Find the values of \( x \geq 0 \) and \( y \geq 0 \) that maximize \( z=11 x+14 y \), subject to each of the following sets of constraints. \( \begin{array}{lll}\text { (a) } \begin{array}{rrr}x+y \leq 16 & \text { (b) } 2 x+y \leq 10 & \text { (c) } x+2 y \geq 8 \\ x+5 y \leq 20 & x+5 y \leq 15 & \begin{array}{r}2 x+y \geq 10 \\ x-y \leq 6\end{array} \\ x+\end{array} \\ \text { A. The maximum value is } \square \text { and occurs at the point } \\ \text { (Simplify your answers.) } \\ \text { B. There is no maximum value. }\end{array} \)

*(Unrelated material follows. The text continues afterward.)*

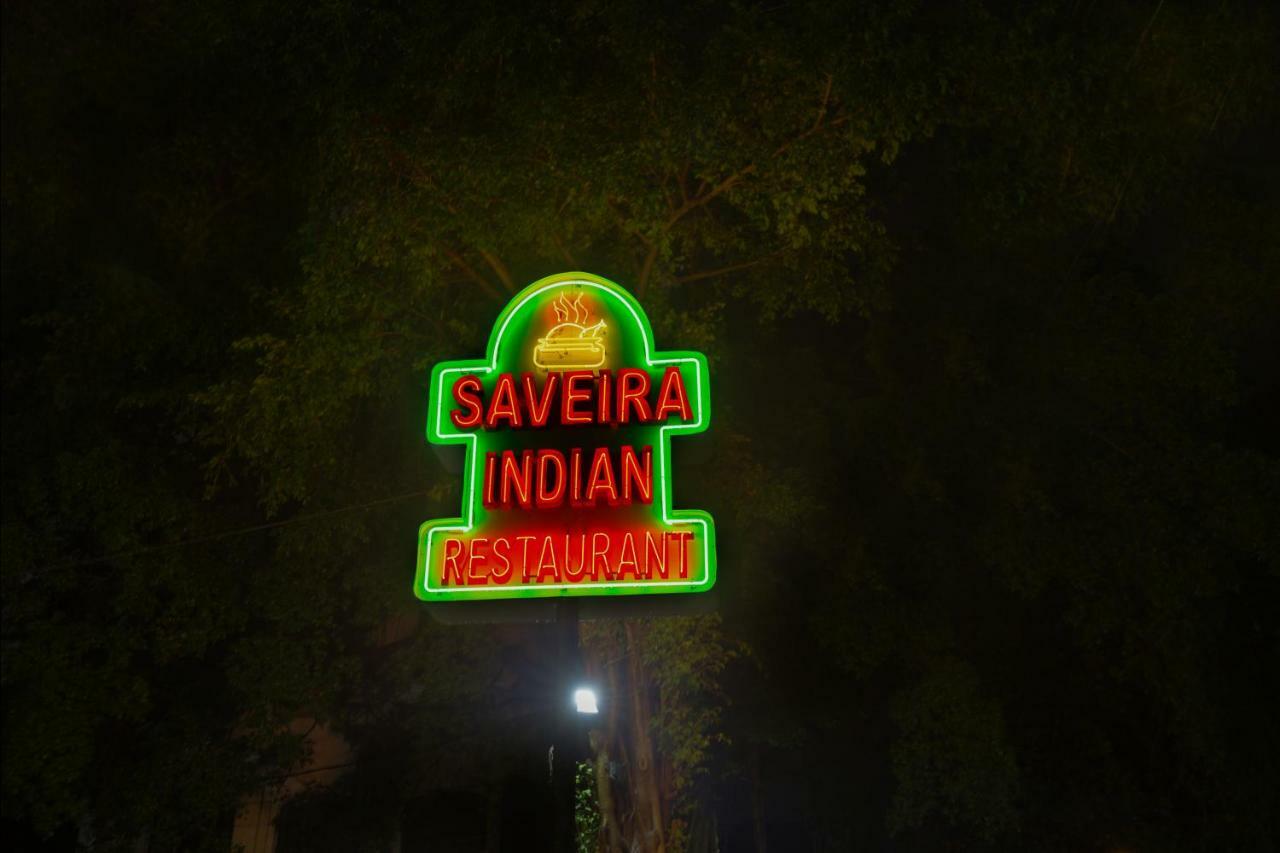 Saveira Colombo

To tackle this problem efficiently, let's explore the constraints and potential corner points for maximization. First, let's analyze the constraints for each case and plot them to find the feasible region. We can then evaluate the objective function \( z = 11x + 14y \) at the vertices of the feasible region generated by the constraints. **(a)** Constraints are: 1. \( x + y \leq 16 \) 2. \( x + 5y \leq 20 \) By evaluating these inequalities, we can find the intersection points: - When \( x + y = 16 \) meets \( x + 5y = 20 \), solving gives us the point \( (0, 4) \). - The other vertices from other boundary inequalities can be calculated similarly. After finding vertices such as \( (0,0) \), \( (16,0) \), and points from intersections, we can compute \( z \) at these points. Since best practice involves calculating the function at all the vertices within the feasible region, we can finalize that the maximum occurs at a calculated coordinate. Now, moving on to **(b)** Constraints are: 1. \( 2x + y \leq 10 \) 2. \( x + 5y \leq 15 \) Using the same vertex-finding method (intercepts and intersections), notable feasible points can be generated. Calculating the objective function \( z \) at these will help us deduce the point where the maximum value of \( z \) occurs under the new constraints. After running these calculations through their respective allowed ranges and intersections formed, we can infer distinct maximum points, settle on coordinates, and report the maximum values attained. So to sum it up: 1. The corner points from constraints give distinct maximums for each scenario. 2. Testing against the objective function \( z = 11x + 14y \) will reveal the optimal outcomes to solve for. With structured analysis of constraints, corners, and maximization of \( z \), we can confidently determine the highest attainable values in each case!